Europe’s banks may be at risk of failing if negative rates continue: EIU

via CNBC:

  • Large banking institutions face the risk of failure if interest rates in Europe continue to stay negative, Simon Baptist, global chief economist of the Economist Intelligence Unit, told CNBC.
  • European banks have struggled for years in a persistently low interest rate environment. Low interest rates hurt lenders’ profits as they narrow the margin that banks can earn.
  • “If interest rates stay below zero, they’re certainly not all going to be able to be profitable, running as they are today, in 10 years time,” Baptist said.
  • “There’s either going to have to be consolidation … maybe some bank failures, or some really radical changes in business models,” he added.

Large banking institutions face the risk of failure if interest rates in Europecontinue to stay negative, an economist told CNBC after the European Central Bank cut rates last week.
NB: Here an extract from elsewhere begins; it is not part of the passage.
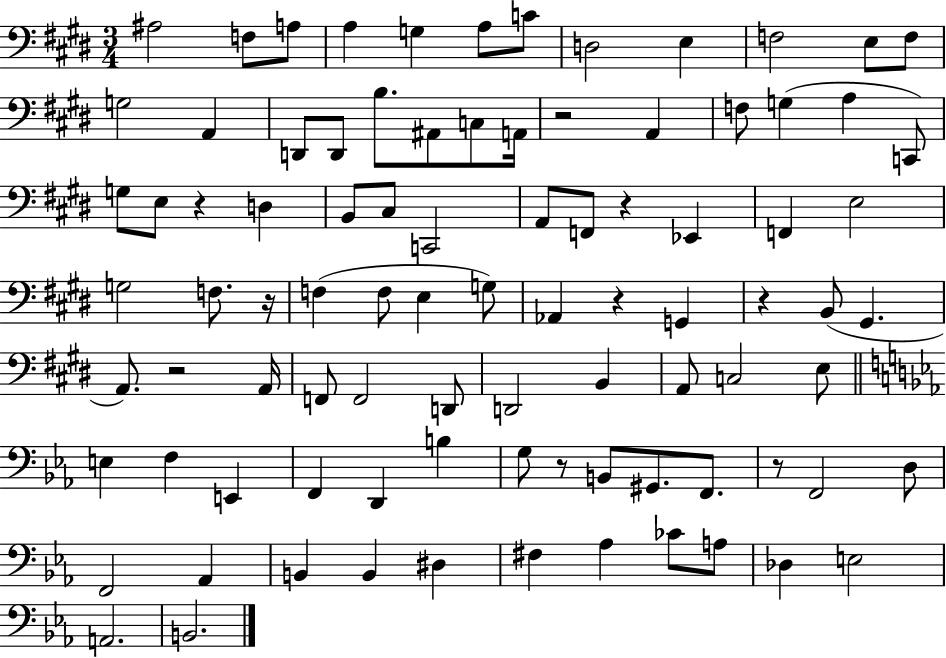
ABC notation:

“I think there are big questions to banking sector profitability,” global chief economist of the Economist Intelligence Unit, Simon Baptist, said Friday.

The ECB on Friday cut its main deposit rate by 10 basis points to -0.5% — an all-time low.

European banks have struggled for years in a persistently low interest rate environment. Rates in the Euro zone first hit zero in 2012 and turned negative in 2014. Low interest rates hurt lenders’ profits as they narrow the margin that banks can earn.

“If interest rates stay below zero, they’re certainly not all going to be able to be profitable, running as they are today, in 10 years’ time,” Baptist said on CNBC’s “Street Signs.”